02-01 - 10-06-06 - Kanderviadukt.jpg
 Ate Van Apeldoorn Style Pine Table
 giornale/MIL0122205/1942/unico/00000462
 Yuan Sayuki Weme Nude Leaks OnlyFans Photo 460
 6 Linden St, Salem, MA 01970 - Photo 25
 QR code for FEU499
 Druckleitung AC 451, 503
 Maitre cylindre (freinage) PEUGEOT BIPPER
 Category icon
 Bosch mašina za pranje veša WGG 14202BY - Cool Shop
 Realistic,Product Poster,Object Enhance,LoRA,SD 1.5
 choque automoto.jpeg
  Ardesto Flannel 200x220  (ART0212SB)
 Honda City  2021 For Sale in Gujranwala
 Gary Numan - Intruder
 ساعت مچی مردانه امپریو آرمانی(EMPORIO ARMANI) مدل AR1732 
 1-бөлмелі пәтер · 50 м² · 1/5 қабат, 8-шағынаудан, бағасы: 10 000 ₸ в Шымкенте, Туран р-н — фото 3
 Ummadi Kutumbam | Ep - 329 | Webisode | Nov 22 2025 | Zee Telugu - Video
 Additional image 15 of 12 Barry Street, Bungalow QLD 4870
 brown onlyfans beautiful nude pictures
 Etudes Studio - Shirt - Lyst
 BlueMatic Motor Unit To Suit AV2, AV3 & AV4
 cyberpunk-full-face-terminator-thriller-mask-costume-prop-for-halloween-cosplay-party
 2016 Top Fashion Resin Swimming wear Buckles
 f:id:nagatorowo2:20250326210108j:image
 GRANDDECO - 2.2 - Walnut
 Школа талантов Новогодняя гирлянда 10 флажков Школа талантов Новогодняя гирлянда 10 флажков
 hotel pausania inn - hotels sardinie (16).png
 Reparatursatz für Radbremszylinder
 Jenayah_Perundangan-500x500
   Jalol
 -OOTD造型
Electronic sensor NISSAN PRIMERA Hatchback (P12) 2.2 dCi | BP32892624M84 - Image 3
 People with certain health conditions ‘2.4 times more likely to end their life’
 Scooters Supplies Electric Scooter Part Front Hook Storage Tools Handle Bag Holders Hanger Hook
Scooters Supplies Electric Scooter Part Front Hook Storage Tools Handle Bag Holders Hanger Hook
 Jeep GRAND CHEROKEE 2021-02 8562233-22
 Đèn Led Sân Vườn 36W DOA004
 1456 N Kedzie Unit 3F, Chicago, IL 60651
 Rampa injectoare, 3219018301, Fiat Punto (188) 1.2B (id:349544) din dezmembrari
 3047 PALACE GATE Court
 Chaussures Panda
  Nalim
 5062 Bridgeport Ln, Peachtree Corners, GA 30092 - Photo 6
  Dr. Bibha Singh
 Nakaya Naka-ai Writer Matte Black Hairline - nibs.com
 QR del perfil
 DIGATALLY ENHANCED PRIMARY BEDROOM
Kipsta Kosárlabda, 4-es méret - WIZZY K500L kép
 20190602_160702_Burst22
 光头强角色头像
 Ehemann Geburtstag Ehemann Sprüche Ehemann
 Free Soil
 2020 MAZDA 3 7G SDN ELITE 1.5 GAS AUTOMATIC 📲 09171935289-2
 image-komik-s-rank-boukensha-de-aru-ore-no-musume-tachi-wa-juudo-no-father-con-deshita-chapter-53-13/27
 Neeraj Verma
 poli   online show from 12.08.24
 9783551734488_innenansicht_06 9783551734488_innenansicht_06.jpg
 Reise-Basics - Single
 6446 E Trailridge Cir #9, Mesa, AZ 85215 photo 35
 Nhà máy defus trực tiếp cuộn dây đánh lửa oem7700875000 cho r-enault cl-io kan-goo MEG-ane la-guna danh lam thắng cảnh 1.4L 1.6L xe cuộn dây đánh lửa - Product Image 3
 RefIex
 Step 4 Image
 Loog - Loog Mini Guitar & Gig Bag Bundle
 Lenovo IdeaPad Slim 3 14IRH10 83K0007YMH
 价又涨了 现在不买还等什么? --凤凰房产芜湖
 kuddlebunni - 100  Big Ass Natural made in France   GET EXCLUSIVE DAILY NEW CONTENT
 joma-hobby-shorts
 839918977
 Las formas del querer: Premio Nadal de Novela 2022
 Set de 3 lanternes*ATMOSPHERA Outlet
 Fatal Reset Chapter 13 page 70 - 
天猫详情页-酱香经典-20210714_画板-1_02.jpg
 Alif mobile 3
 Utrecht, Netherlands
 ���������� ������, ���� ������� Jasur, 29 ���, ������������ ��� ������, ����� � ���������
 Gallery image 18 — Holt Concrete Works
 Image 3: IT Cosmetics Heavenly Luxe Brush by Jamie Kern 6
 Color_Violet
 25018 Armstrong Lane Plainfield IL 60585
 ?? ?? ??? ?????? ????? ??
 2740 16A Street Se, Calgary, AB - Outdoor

# Problem to solve
Your task is to retype the entries verbatim, starting with the line that holds "9783551734488_innenansicht_06 9783551734488_innenansicht_06.jpg" and stopping after the line that holds "Jasur, 29 ���, ������������".

# Your response
 9783551734488_innenansicht_06 9783551734488_innenansicht_06.jpg
 Reise-Basics - Single
 6446 E Trailridge Cir #9, Mesa, AZ 85215 photo 35
 Nhà máy defus trực tiếp cuộn dây đánh lửa oem7700875000 cho r-enault cl-io kan-goo MEG-ane la-guna danh lam thắng cảnh 1.4L 1.6L xe cuộn dây đánh lửa - Product Image 3
 RefIex
 Step 4 Image
 Loog - Loog Mini Guitar & Gig Bag Bundle
 Lenovo IdeaPad Slim 3 14IRH10 83K0007YMH
 价又涨了 现在不买还等什么? --凤凰房产芜湖
 kuddlebunni - 100  Big Ass Natural made in France   GET EXCLUSIVE DAILY NEW CONTENT
 joma-hobby-shorts
 839918977
 Las formas del querer: Premio Nadal de Novela 2022
 Set de 3 lanternes*ATMOSPHERA Outlet
 Fatal Reset Chapter 13 page 70 - 
天猫详情页-酱香经典-20210714_画板-1_02.jpg
 Alif mobile 3
 Utrecht, Netherlands
 ���������� ������, ���� ������� Jasur, 29 ���, ������������ ��� ������, ����� � ���������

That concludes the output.